**Records shown**
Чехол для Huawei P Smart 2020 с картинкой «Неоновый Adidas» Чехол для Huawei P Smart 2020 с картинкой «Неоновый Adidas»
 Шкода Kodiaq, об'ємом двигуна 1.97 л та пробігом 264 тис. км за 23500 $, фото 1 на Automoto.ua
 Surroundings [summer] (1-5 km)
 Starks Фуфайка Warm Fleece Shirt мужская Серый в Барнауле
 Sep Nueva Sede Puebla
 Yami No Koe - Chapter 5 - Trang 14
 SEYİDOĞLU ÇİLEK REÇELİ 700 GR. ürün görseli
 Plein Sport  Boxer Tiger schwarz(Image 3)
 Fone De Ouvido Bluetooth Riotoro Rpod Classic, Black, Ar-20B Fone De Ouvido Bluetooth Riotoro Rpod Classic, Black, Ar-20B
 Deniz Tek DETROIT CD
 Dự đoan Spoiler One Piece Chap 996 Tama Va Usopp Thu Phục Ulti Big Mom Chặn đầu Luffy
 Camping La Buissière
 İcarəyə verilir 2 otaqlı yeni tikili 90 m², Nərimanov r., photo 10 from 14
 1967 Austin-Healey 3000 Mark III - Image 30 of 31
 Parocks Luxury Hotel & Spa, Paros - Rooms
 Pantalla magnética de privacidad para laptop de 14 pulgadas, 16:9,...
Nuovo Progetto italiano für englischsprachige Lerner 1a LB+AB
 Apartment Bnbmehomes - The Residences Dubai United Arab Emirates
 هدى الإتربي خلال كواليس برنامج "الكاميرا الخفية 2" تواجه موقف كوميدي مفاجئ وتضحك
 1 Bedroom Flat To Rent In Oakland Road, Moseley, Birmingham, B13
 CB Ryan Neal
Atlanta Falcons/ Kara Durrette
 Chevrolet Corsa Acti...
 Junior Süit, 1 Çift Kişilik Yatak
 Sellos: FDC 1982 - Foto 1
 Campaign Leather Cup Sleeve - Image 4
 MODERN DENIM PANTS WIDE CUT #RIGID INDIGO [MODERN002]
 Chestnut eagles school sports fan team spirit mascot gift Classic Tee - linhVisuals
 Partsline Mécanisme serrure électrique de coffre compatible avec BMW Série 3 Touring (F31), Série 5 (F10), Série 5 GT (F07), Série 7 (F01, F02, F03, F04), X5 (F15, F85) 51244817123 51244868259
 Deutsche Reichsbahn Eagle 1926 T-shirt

**Directions for this task**
Retype the entire listing without altering anything.

**Response to this task**
Чехол для Huawei P Smart 2020 с картинкой «Неоновый Adidas» Чехол для Huawei P Smart 2020 с картинкой «Неоновый Adidas»
 Шкода Kodiaq, об'ємом двигуна 1.97 л та пробігом 264 тис. км за 23500 $, фото 1 на Automoto.ua
 Surroundings [summer] (1-5 km)
 Starks Фуфайка Warm Fleece Shirt мужская Серый в Барнауле
 Sep Nueva Sede Puebla
 Yami No Koe - Chapter 5 - Trang 14
 SEYİDOĞLU ÇİLEK REÇELİ 700 GR. ürün görseli
 Plein Sport  Boxer Tiger schwarz(Image 3)
 Fone De Ouvido Bluetooth Riotoro Rpod Classic, Black, Ar-20B Fone De Ouvido Bluetooth Riotoro Rpod Classic, Black, Ar-20B
 Deniz Tek DETROIT CD
 Dự đoan Spoiler One Piece Chap 996 Tama Va Usopp Thu Phục Ulti Big Mom Chặn đầu Luffy
 Camping La Buissière
 İcarəyə verilir 2 otaqlı yeni tikili 90 m², Nərimanov r., photo 10 from 14
 1967 Austin-Healey 3000 Mark III - Image 30 of 31
 Parocks Luxury Hotel & Spa, Paros - Rooms
 Pantalla magnética de privacidad para laptop de 14 pulgadas, 16:9,...
Nuovo Progetto italiano für englischsprachige Lerner 1a LB+AB
 Apartment Bnbmehomes - The Residences Dubai United Arab Emirates
 هدى الإتربي خلال كواليس برنامج "الكاميرا الخفية 2" تواجه موقف كوميدي مفاجئ وتضحك
 1 Bedroom Flat To Rent In Oakland Road, Moseley, Birmingham, B13
 CB Ryan Neal
Atlanta Falcons/ Kara Durrette
 Chevrolet Corsa Acti...
 Junior Süit, 1 Çift Kişilik Yatak
 Sellos: FDC 1982 - Foto 1
 Campaign Leather Cup Sleeve - Image 4
 MODERN DENIM PANTS WIDE CUT #RIGID INDIGO [MODERN002]
 Chestnut eagles school sports fan team spirit mascot gift Classic Tee - linhVisuals
 Partsline Mécanisme serrure électrique de coffre compatible avec BMW Série 3 Touring (F31), Série 5 (F10), Série 5 GT (F07), Série 7 (F01, F02, F03, F04), X5 (F15, F85) 51244817123 51244868259
 Deutsche Reichsbahn Eagle 1926 T-shirt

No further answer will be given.